Jewell made the announcement this morning at the start of the White House Roundtable on Water Innovation, a discussion panel tasked with thinking up ways to engage the private sector and increase private investment in critical water infrastructure projects.

“We know the federal government doesn’t have all the answers, we don’t pretend to,” Jewell said to an audience of private sector stakeholders. “But we want to be effective, efficient partners with you to stretch every dollar we have with every dollar you have to maximum (the) benefit” of this effort.

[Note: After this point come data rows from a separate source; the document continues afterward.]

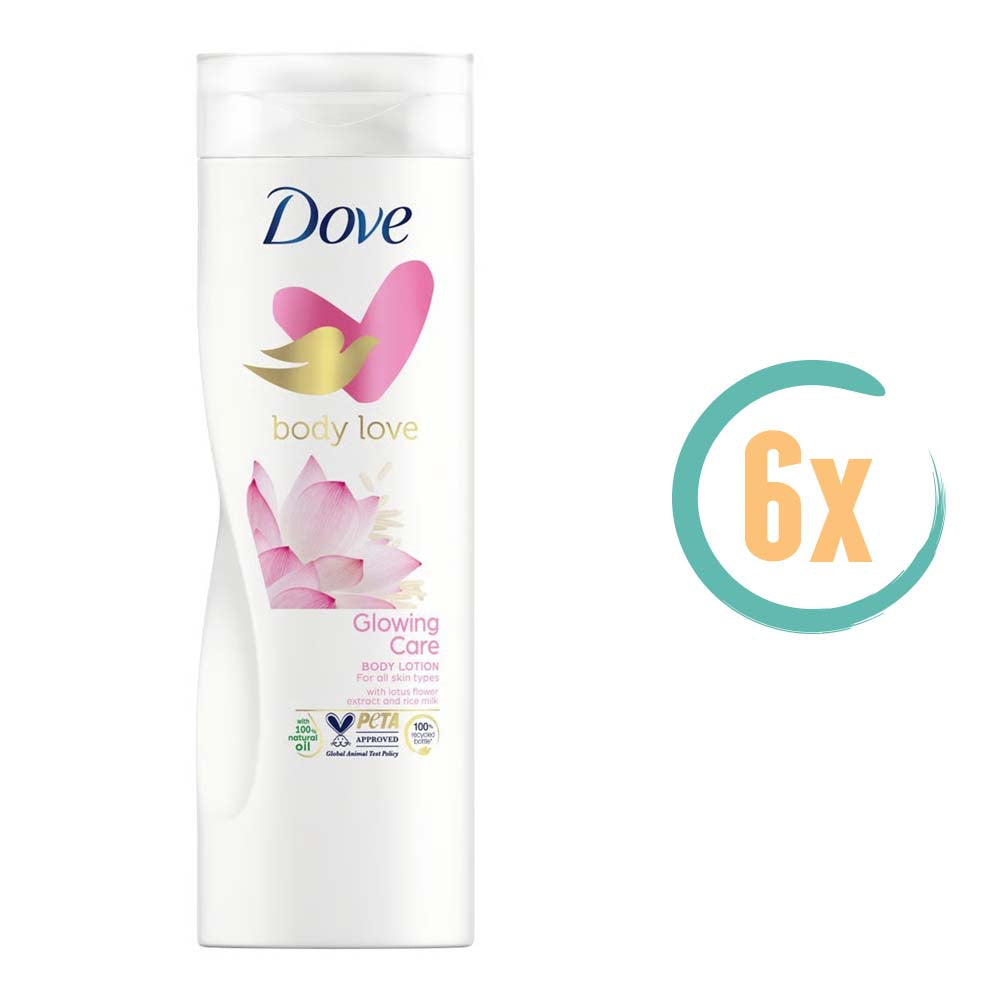 6x Dove Glowing Bodylotion 400ml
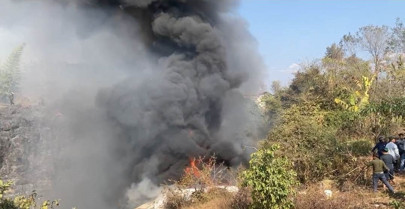 Nepal'de yolcu uçağı düştü - Resim : 1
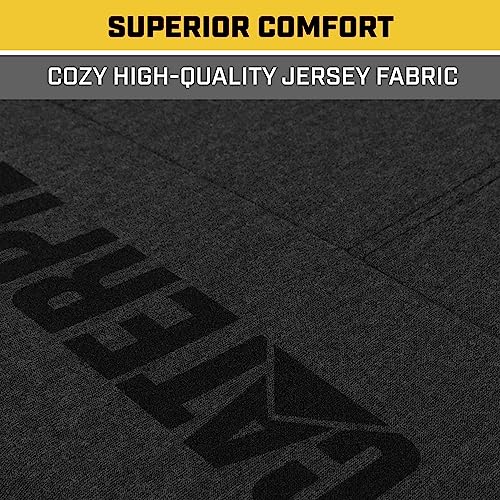 Cat CozyBlend Car Seat Covers, Charcoal Heather - Premium Jersey Fabric Seat Covers for Cars Trucks SUV, Breathable Cotton Car Seat Covers Front Seats Only, Universal Fit Automotive Interior Covers - color: Charcoal Gray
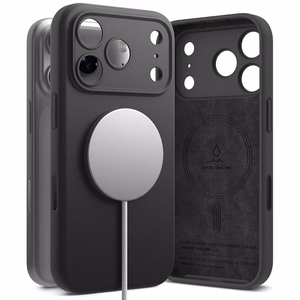 Ringke Silikoninen Magneettinen MagSafe Suojakuori iPhone 17 Pro:lle - Violetti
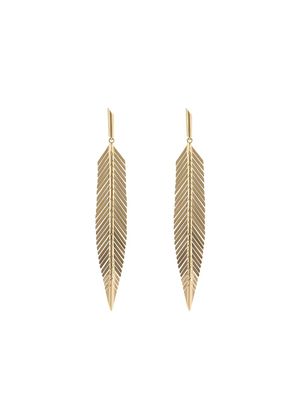 Cadar grandes boucles d'oreilles à pendentif en or rose 18ct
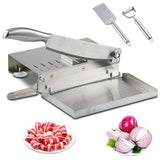 Garvee Manual Frozen Meat Slicer, 14'' Stainless Steel Meat Cutter, Beef Mutton Roll for Hot Pot Kbbq Food Slicer Slicing Machine for Home Cooking of Hot Pot Shabu Shabu Bbq - 
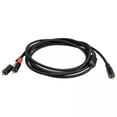 thumbnail image 1 of Cable Subwoofer RCA a 2RCA y Adaptador Divisor Hugo 1m Macho a dos RCA, 1 of 9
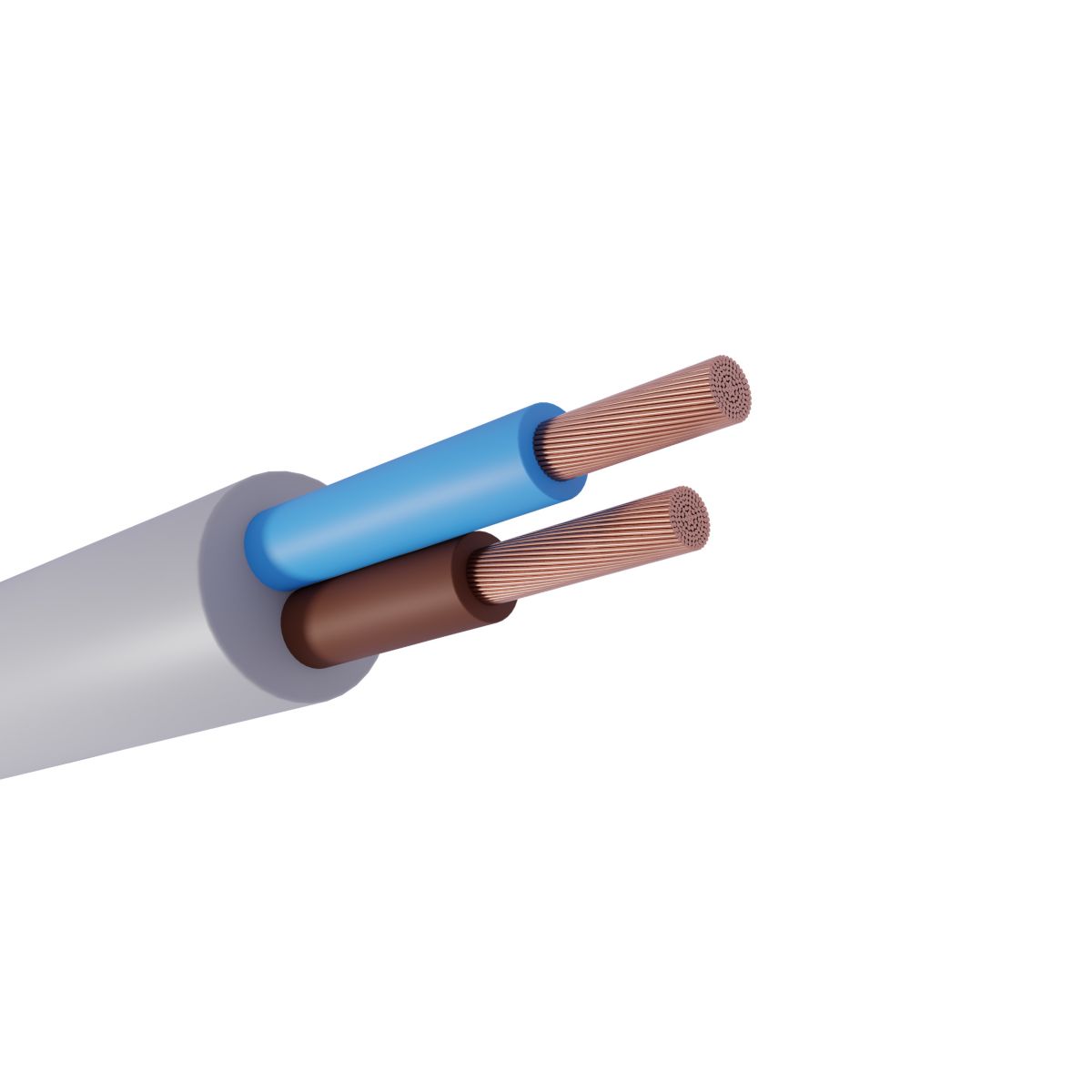 Safe Flex 2x1,5 Funktionssikkert kabel, Grå, 500 m tromle, Uskærmet, UV ...
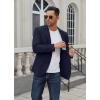 COOFANDY Men’s Casual Blazer Regular Fit Lightweight Two Button Sport Coat Suit Jacket(Navy Blue)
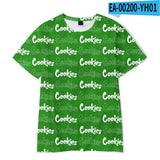 Cookies Shirt Cookies 3D Printed Fashion Casual Short Sleeve T-shirt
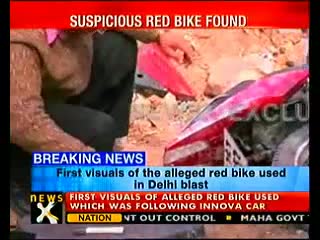 Israeli embassy blast - Red bike found in Delhi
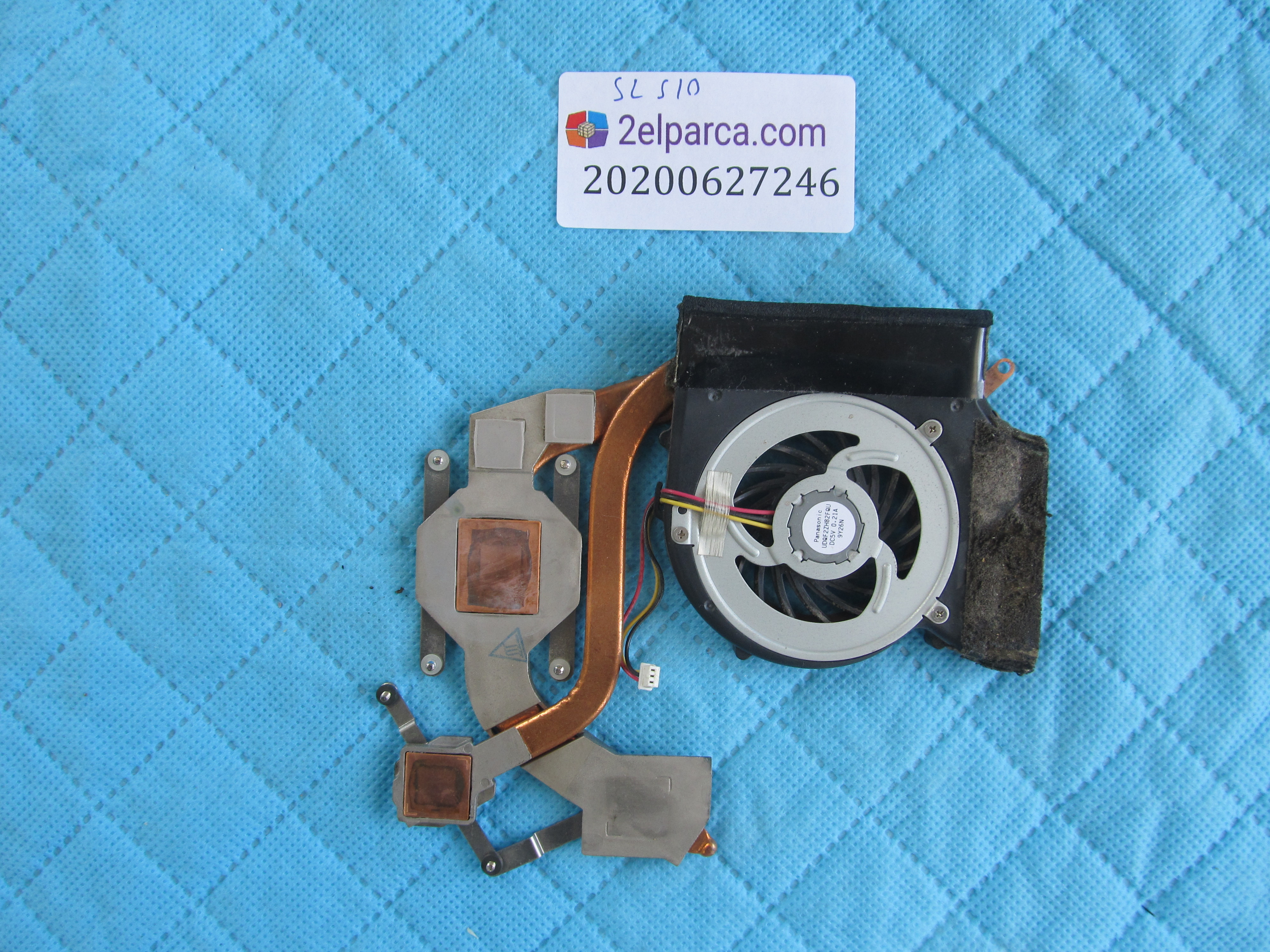 LENOVO Lenovo sl510 fan bakir soğutucu (heatsink) orjinal ürün küçük görsel 2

“I think it’s going to take some bold action. It’s going to take some collaboration, because we do not have enough water in the places that we need it most,” she continued. But she added she thinks it’s “fair to say that when it begins to impact economies, and we do see that in some communities, it wakes everybody up.”

The Center will focus on three areas of need:

  • Increasing water exchanges and transfers in the West.
  • Improving water infrastructure nationwide – particularly where leaks are causing tremendous water loss – and fresh water storage capacity in drought prone areas.
  • Expanding the use of development mitigation banking projects to engage private stakeholders in wildlife and water conservation projects, as proposed by the Obama administration last month.
  •  
    Jewell said DOI already offers grants for some of these activities, and will be investing in desalinization technology and strategies to maximize the utility of existing stocks of fresh water through the Center.

    Is conservation high on your list of things to watch? As news happens, you’ll find it on Agri-Pulse. Sign up for a four-week free trial subscription.

    Conservation and wildlife groups, such as the Theodore Roosevelt Conservation Partnership and Trout Unlimited, applauded DOI’s announcement in a release.  

    “I commend Sec. Jewell for creating the Natural Resource Investment Center to bring about more collaboration and identify new, non-federal funding sources that make existing investments in conservation go even further,” Whit Fosburgh, president and CEO of TRCP, said. “Clearly, the administration is taking the concerns of hunters and anglers seriously and responding to the increasing threat of drought in the United States.”

    Scott Yates, director of Trout Unlimited’s Western Water and Habitat program, said his group was “pleased that the administration is giving water stakeholders in the West more tools for creatively responding to the challenges of drought and a changing climate.”

    The Center is part of the Obama administration’s Build America Investment Initiative, which supports federal investment in public infrastructure projects.